Author's Reply

  • John P. A Ioannidis mail

    Affiliation: University of Ioannina School of Medicine, Ioannina, Greece

  • Published: November 29, 2005
  • DOI: 10.1371/journal.pmed.0020398

I agree with Ian Shrier [1] that, when the effect size is large, adequate power is obtained with small numbers, and it is unnecessary to aim at very large studies. However, most effect sizes probed with statistical testing seem to be small. I also agree that heterogeneity is useful and can offer valuable insights [2]. Sometimes heterogeneity can show us that there are actually two or more research questions, where we thought there was only one [3]. The danger is when heterogeneity is silenced and dismissed in favor of claiming consistent results and when heterogeneity is exploited to show only the most spectacular results—unfortunately, this is not uncommon.

As Stephen Pauker [4] also points out correctly, it is useful to think about what the post-study odds are that one is aiming for if a study eventually were to get a “positive” result. Some residual uncertainty is unavoidable in any research question, no matter how strong the evidence. We should learn to live with uncertainty. I also agree that often the credibility level is less than 50%, yet decisions still have to be made. I don't see a problem implementing a very safe and very cheap medical intervention, even if the credibility that it is effective is only 20%. However, it is important to understand and acknowledge that this intervention has a credibility of 20%, while another has a credibility of 70%. I have no objection or preference on how exactly this will be calculated and plotted. Likelihood ratios are also a nice equivalent approach to calculate the probabilities or odds.

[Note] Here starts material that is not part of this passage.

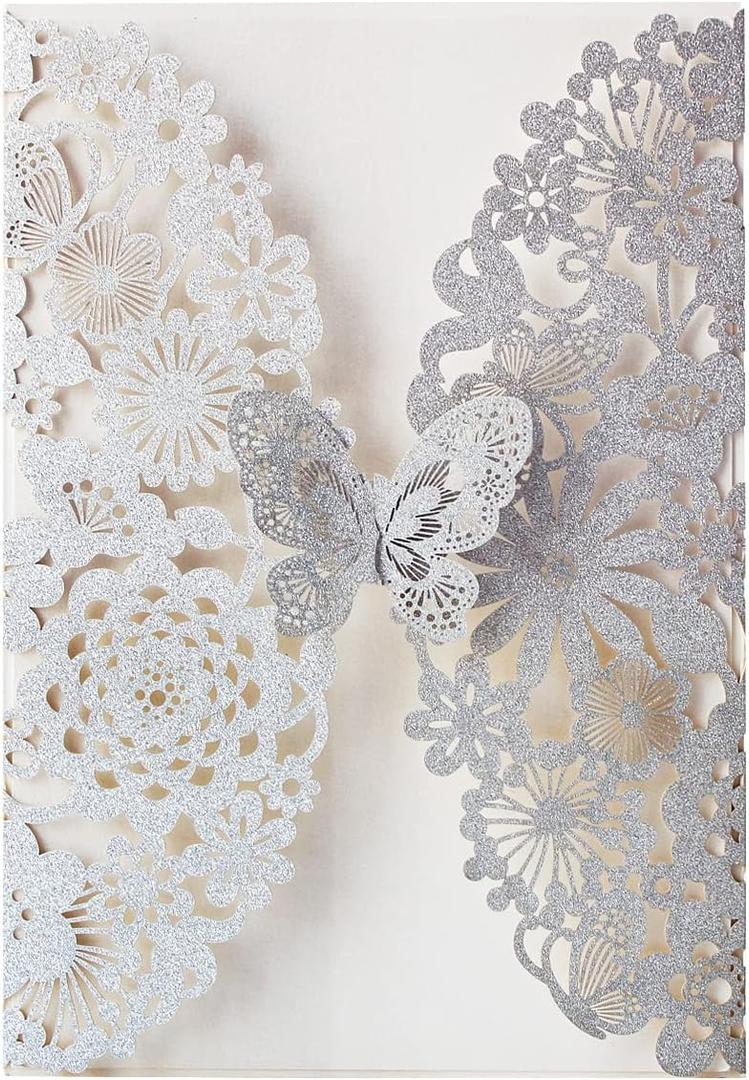 Hosmsua 5.12 x 7.3'' 50PCS Silver Laser Cut Butterfly Quinceanera Invitation Cards Lace Flora Weddding Invitations with Envelopes for Quinceaera Wedding Bridal Shower Invite (Silver Glitter)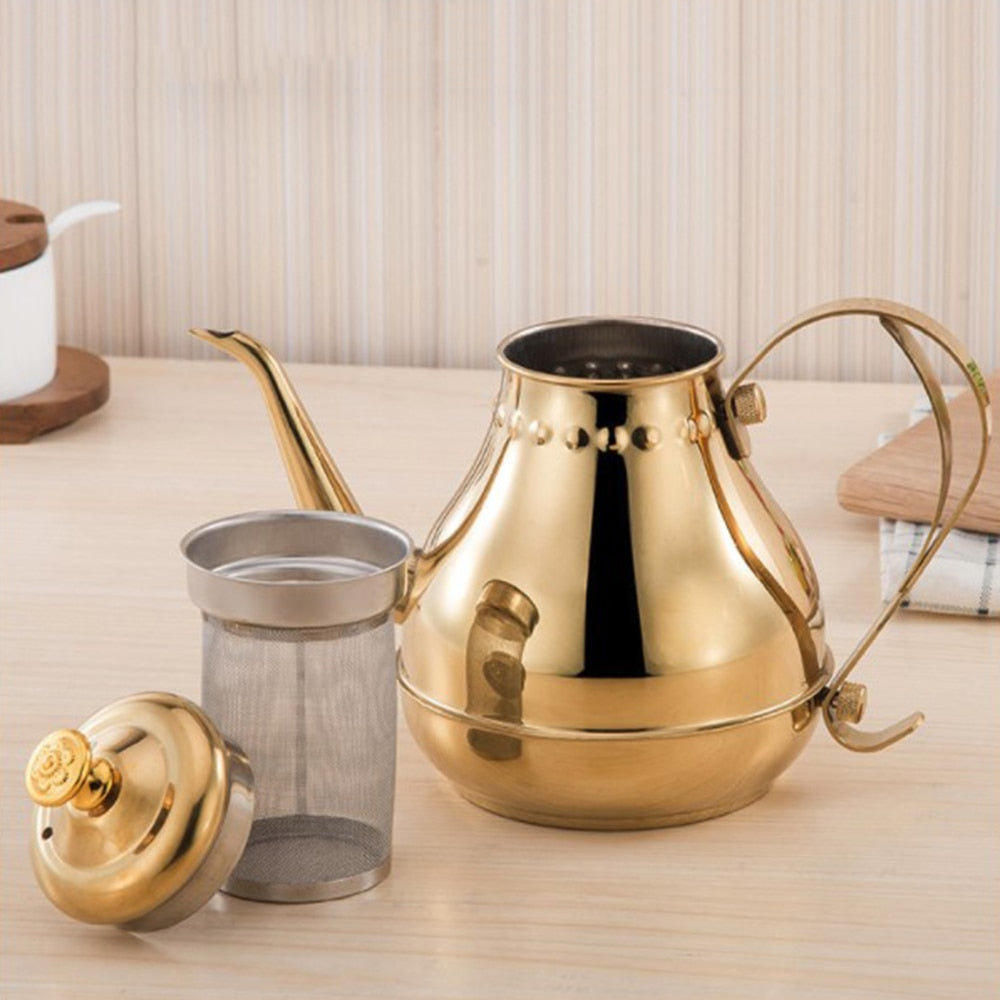 Langer Edelstahl Mundtopf Kessel mit Milchfilter-Infuser Oolong Teekanne | Karnz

I agree with Jonathan D. Wren [5] that it is impossible to be 100% certain about the exact pre-study odds of truth for any research, mine included of course. However, I argue that we need to start thinking more seriously and consistently about these pre-study odds. In the single nucleotide polymorphism (SNP) association example, one might argue that 1:10,000 is not the best choice, but I doubt anyone would choose 1:100 [6]. Some fields may, indeed, have a pre-study odds of zero—these are the “null fields” that I discussed [7]. The differences in the range in pre-study odds are huge in current research, and I am afraid that this is almost completely ignored. I also have no objection about the framework concept. It is nice to see multiple lines of evidence converge. In fact “framework” evidence may be used to formulate more accurate pre-study odds. However, we should be cautious about how this framework is interpreted. We need more empirical data on how scientists try to converge various pieces of biological, epidemiological, and clinical information. I suspect that bias to make things fit, even if they don't, is not negligible.


  1. 1. Shrier I (2005) Power, reliability, and heterogeneous results. PLoS Med 2: e386. doi: 10.1371/journal.pmed.0020386.
  2. 2. Berlin JA (1995) Invited commentary: Benefits of heterogeneity in meta-analysis of data from epidemiologic studies. Am J Epidemiol 142: 383–387.
  3. 3. Lau J, Ioannidis JP, Schmid CH (1998) Summing up evidence: One answer is not always enough. Lancet 351: 123–127.
  4. 4. Pauker S (2005) The clinical interpretation of research. PLoS Med 2: e395. doi: 10.1371/journal.pmed.0020395.
  5. 5. Wren J (2005) Truth, probability, and frameworks. PLoS Med 2: e361. doi: 10.1371/journal.pmed.0020361.
  6. 6. Yang Q, Khoury MJ, Friedman JM, Little J, Flanders WD (2005) How many genes underlie the occurrence of common complex diseases in the population? Int J Epidemiol 34: 1129–1137.
  7. 7. Ioannidis JPA (2005) Why most published research findings are false. PLoS Med 2: e124. doi: 10.1371/journal.pmed.0020124.